INFORMATION PROVIDED

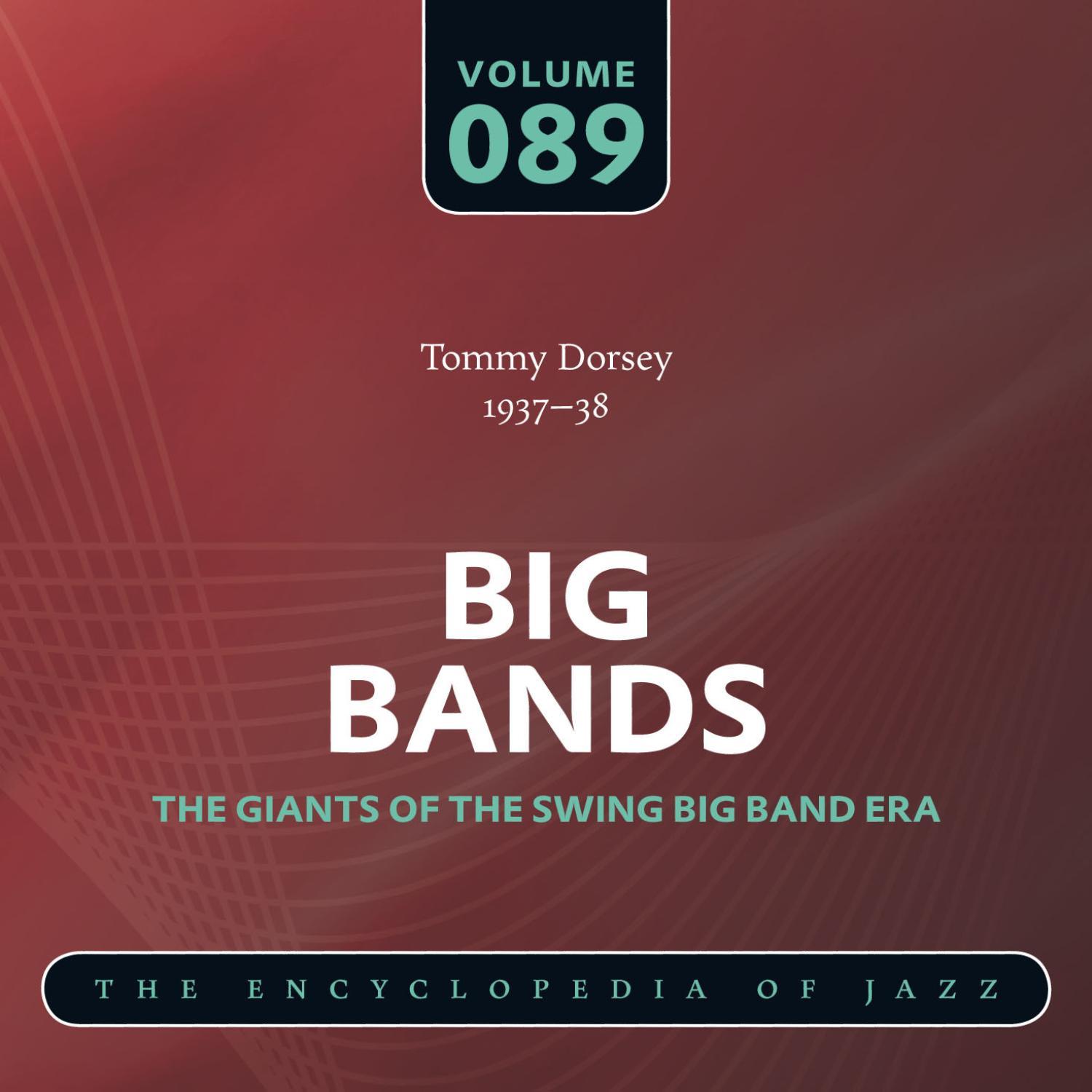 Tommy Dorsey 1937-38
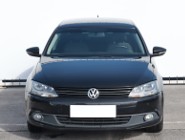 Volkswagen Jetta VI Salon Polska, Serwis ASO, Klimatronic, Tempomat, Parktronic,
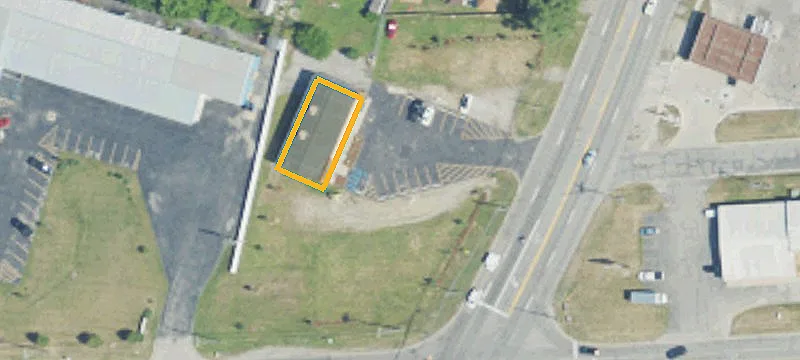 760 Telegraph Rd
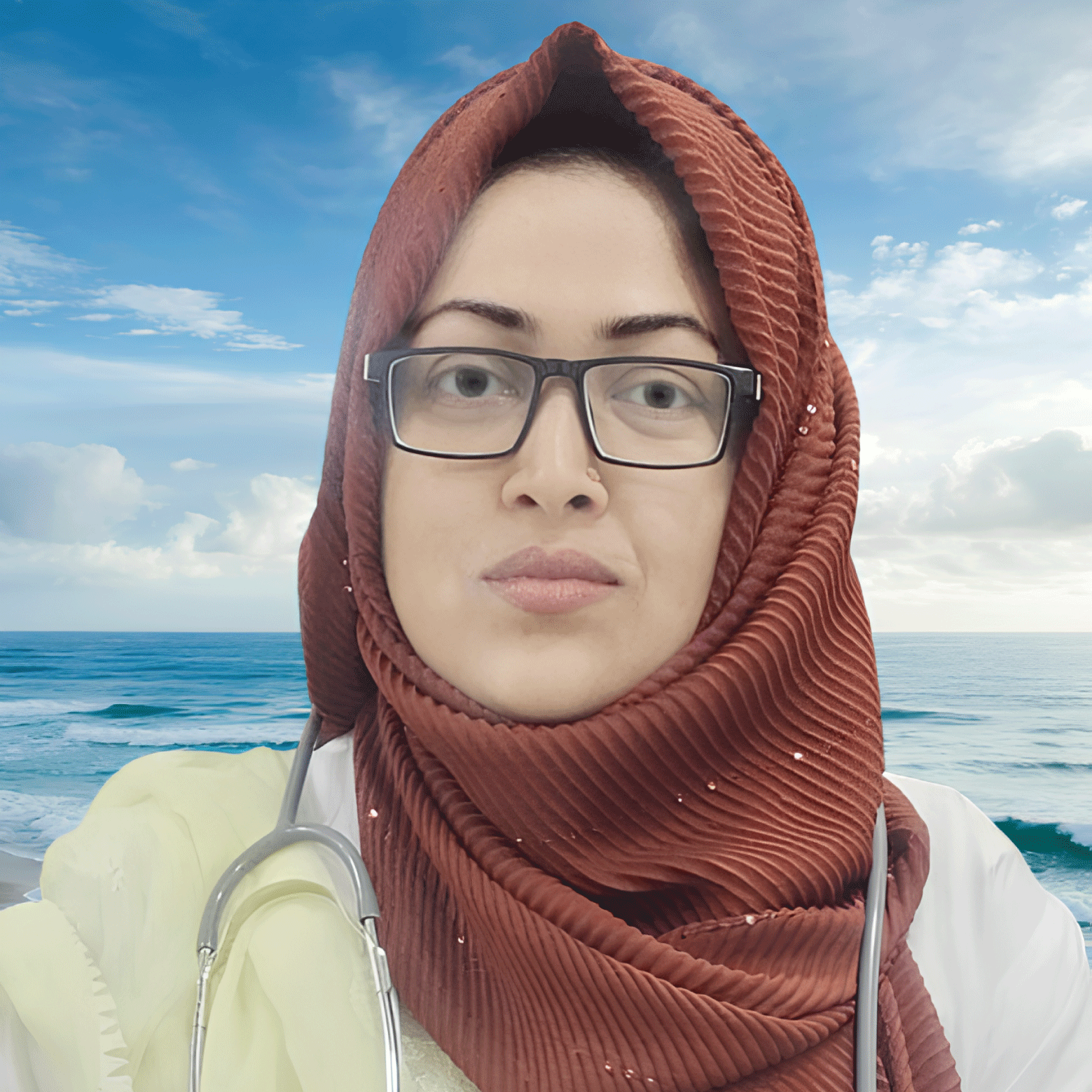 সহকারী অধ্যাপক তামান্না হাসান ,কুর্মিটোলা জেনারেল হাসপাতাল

TASK REQUIREMENTS
The data above must be copied exactly. Leave out the pictures.

RESPONSE AREA
 Tommy Dorsey 1937-38
 Volkswagen Jetta VI Salon Polska, Serwis ASO, Klimatronic, Tempomat, Parktronic,
 760 Telegraph Rd
 সহকারী অধ্যাপক তামান্না হাসান ,কুর্মিটোলা জেনারেল হাসপাতাল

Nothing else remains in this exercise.